Another interesting point was about the origin of the Ohohri. Although this system has been abolished now, the male child of the Ohohri Suwa family would inherit the position at age eight. For one week, they would seclude themselves in an underground chamber called the “Omuro” to perform a ritual. This ritual involved a stone rod (phallic symbol) and a snake. Then, on New Year’s Day, a week later, the boy, now the Ohohri, would emerge from the chamber, and frogs would be offered. The Moriya clan was responsible for overseeing this series of rituals. It seems that various beliefs have intertwined to form the current Suwa faith.

Behind the Moriya residence, there were small shrines and altars, each also surrounded by small pillars at their four corners.
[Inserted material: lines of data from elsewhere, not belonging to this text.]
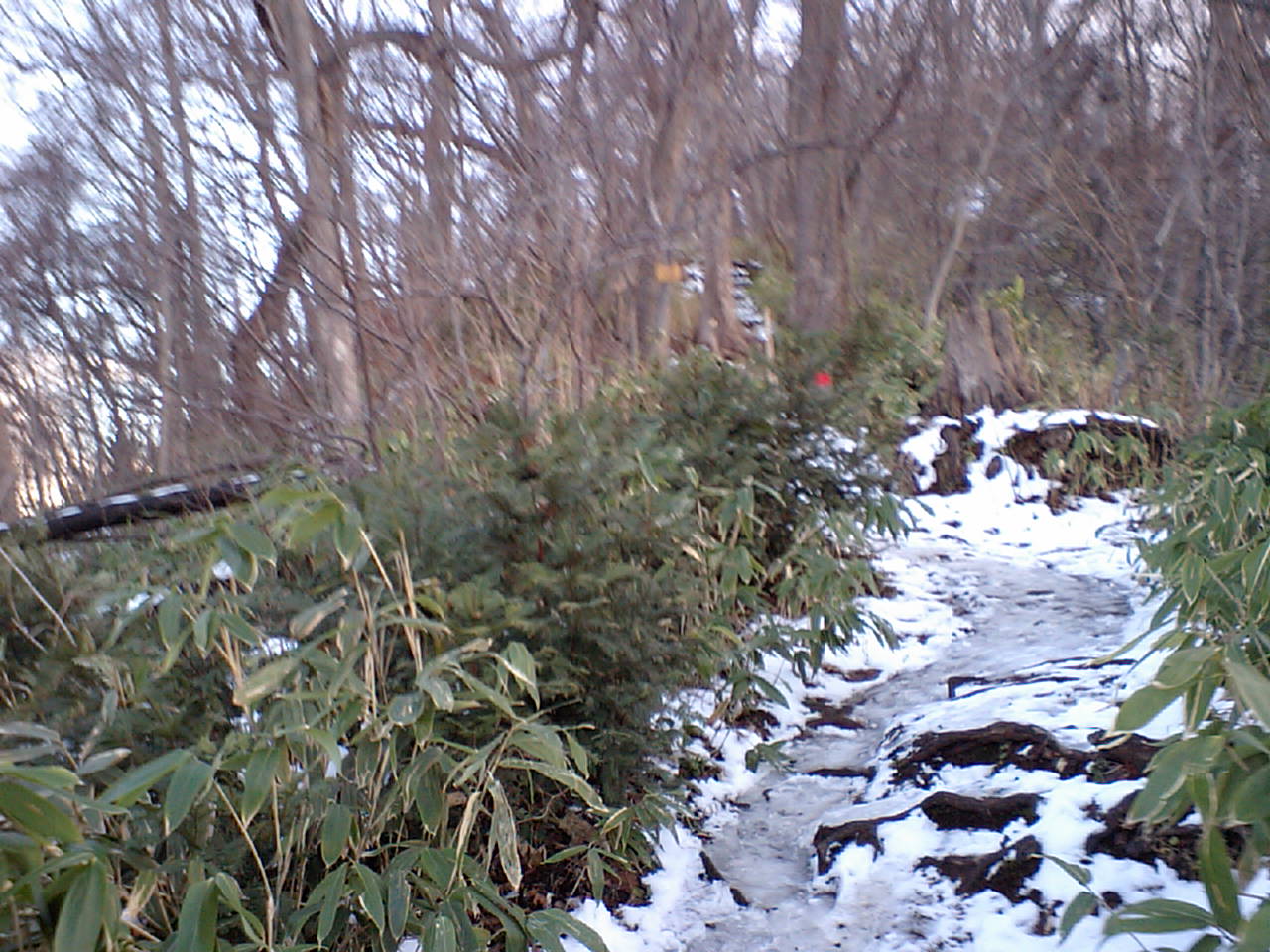 d0098665_1735822.jpg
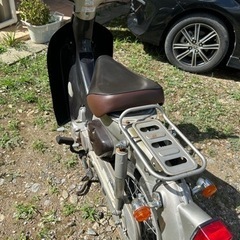リトルカブの画像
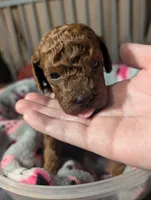 Woody 🤎, a male Poodle - Miniature  for sale in Meta, MO – 10 of 10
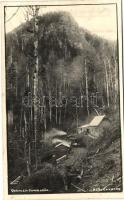 1940 Kommandó, Comandau; sikló erdei vasútvonala / funiculars forest railway, photo (vágott / cut)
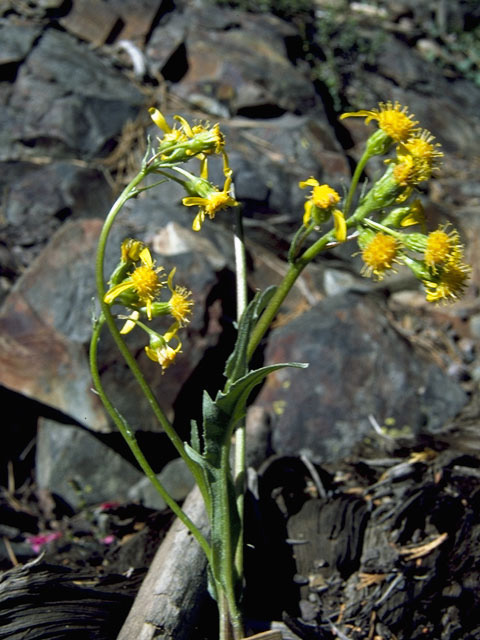 Senecio aronicoides (Rayless ragwort) #11170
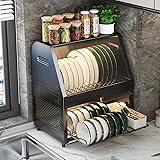CXTRYN 2 Tier Dish Drying Rack - Space-Saving Dish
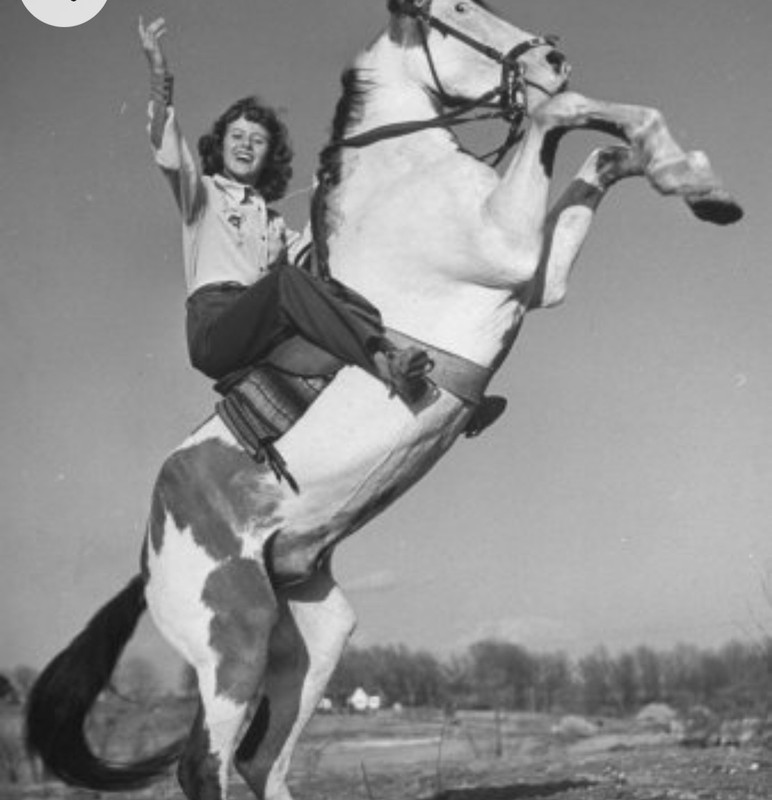 Screenshot_20230211_005930_Chrome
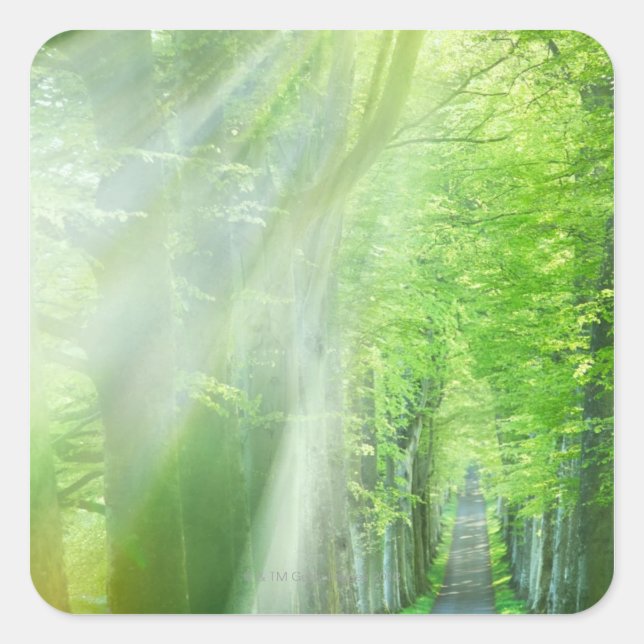 Sonnenlicht Quadratischer Aufkleber (Vorderseite)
Around them grew Kaji trees, the emblem of Suwa Grand Shrine.

The Moriya Museum building was designed by Terunobu Fujimori, an architect famous for his unique designs, such as the “Flying Mud Boat” and “Takasugi-an” (Too High Tea House).

Shinshu Soba Noodle

After this, I enjoyed some Shinshu soba, a local specialty, before heading to the Suwa Grand Shrine Lower Shrines. Near the soba shop, in the river connected to Lake Suwa, a family of mergansers was swimming.

Suwa Grand Shrine Shimosha

Following the lake road for about 15 minutes, I arrived at Shimomiya Akimiya (Lower Shrine Autumn Shrine). Compared to the Upper Shrine, the buildings here felt grander and newer, giving it the atmosphere of a more modern faith. There’s even a hand-washing basin with hot spring water. And like Izumo Grand Shrine, it has a large Shimenawa (sacred straw rope). While the four Onbashira pillars were present, the shrine had the feel of a modern Japanese Shinto shrine. Although there seemed to be many other sights nearby, I didn’t have much time, so I visited Shimomiya Akimiya and Harumiya (Spring Shrine) before heading home.

There are many places I couldn’t visit this time, such as obsidian excavation sites, Jomon ruins, and other related places and museums associated with Suwa Grand Shrine, so I’d like to visit again when the time is right.

Tokoroten

Tokoroten is a dish made by boiling and then solidifying a type of seaweed called tengusa (Gelidium amansii). When tokoroten is frozen, it becomes kanten, or agar. Suwa’s cold, dry winters are ideal for kanten production, making it the top producing region in Japan. Both tokoroten and kanten are local specialties in Suwa. This time, I had it with a vinegar-soy sauce dressing, but it can also be enjoyed as a dessert with brown sugar syrup.

Two Jomon Museums

Finally, I’d like to introduce two museums where you can see Jomon pottery and dogu, both less than an hour’s drive from the Kawaguchiko area.

The Yamanashi Prefectural Museum of Archeology

Shakado Museum of Jomon Culture

Both are highly recommended museums. You can choose based on your next destination, as they are in different directions.